Cromwell emphasized that the network isn’t suggesting minority-owned businesses be given first priority, but rather an “equal playing field, consistent competition, and a fair chance when opportunities arise at the University level.” 

Alumna Karla Trotman also had a seat at the table for the Smeal Alumni Town Hall. As the president and CEO of Electro Soft Inc., Trotman said she experienced Penn State’s “siloed approach” for sourcing products — which results in a lack of minority-owned suppliers. 

“If you’re trying to take on an antiracist role as an organization, one of the best ways to do it is to support diverse suppliers,” Trotman said. “Our hope for the network is to allow people to see that we exist, that we’re all in the same community and that Penn State puts its money where its mouth is when it comes to diversity, equity and inclusion.”

According to the 2018 State of Women-Owned Businesses Report, African American women are the leading female minority group of business owners, and women of color are 4.5 times more likely to start their own businesses than any other demographic.

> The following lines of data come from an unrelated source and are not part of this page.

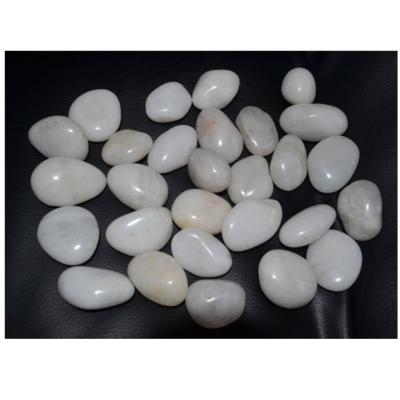 China Modern High Polished White Stone 3-5cm China Snow Pebbles for sale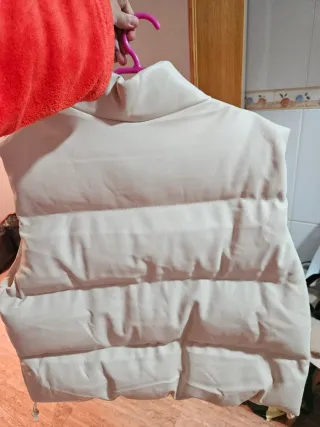 Chaleco acolchado beige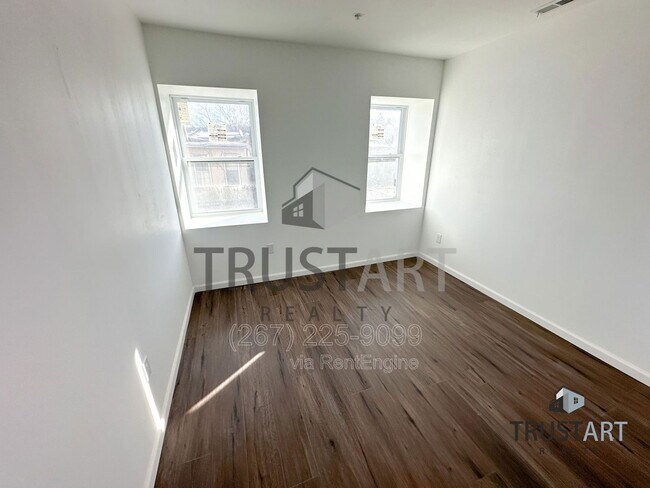 Building Photo - 2317 N 15th St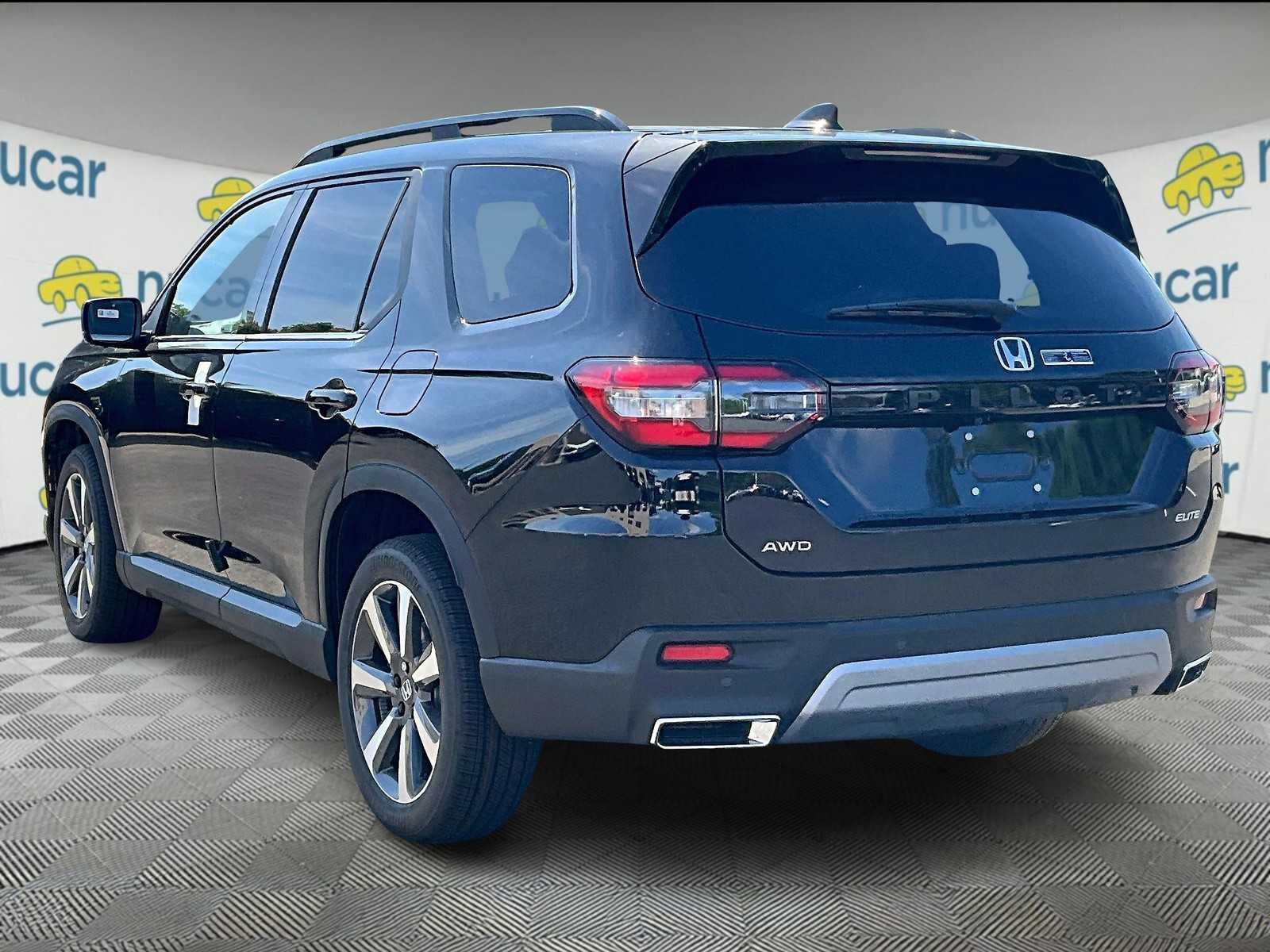 2025 Honda Pilot Elite photo 3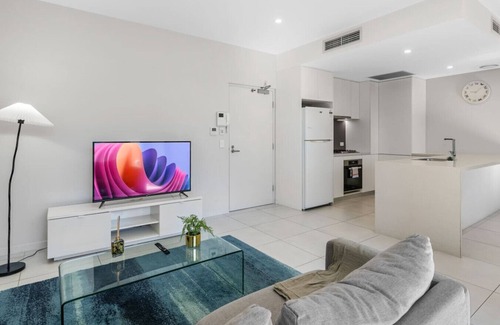 Macgregor Apartment | 2BR Apartment w/Balcony Near Food Shop & Transit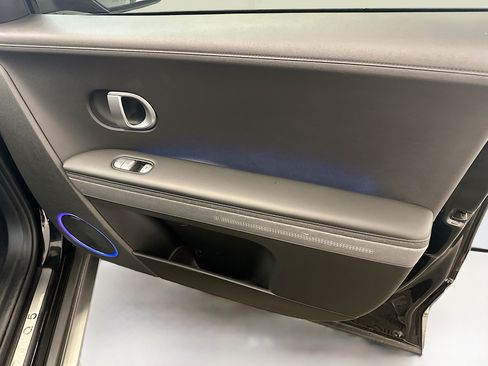 Used 2023 Hyundai Ioniq 5 Limited AWD/4WD image 35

Trotman described her business as “nontraditional” because it offers a unique product that people may not know they need until they see it. Smeal’s Minority-Owned Business Network provides her and other business owners the opportunity to explain their services on an interconnected platform.  

The launch of the network comes at a pivotal time, as the COVID-19 pandemic has contributed to major losses in revenue for minority-owned businesses. According to a new poll by advocacy group Small Business Majority, the next few months will result in 32 percent of Black businesses closing temporarily, 23 percent closing an office or location, and 18 percent shutting down forever.

“That’s a tremendous loss on all the gains that have been made throughout scores of years,” Trotman said, emphasizing the way many business owners and their families suffer just to keep their business afloat.

Trotman said she hopes the new Minority-owned Business Network will continue to foster an environment where increasing diversity is viewed as a method of improvement. 

For Smeal, the initiative demonstrates a commitment to implementing strategies to celebrate, promote and prioritize diversity across the college community.

“You can put out statements about equity, diversity and inclusion, but it’s all meaningless until you put resources and energy behind it — which we are seeing Penn State Smeal do,” Trotman said. “Smeal has the desire to make that change and puts forward that energy, which makes Smeal unique against many other institutions and fortune 500 companies.”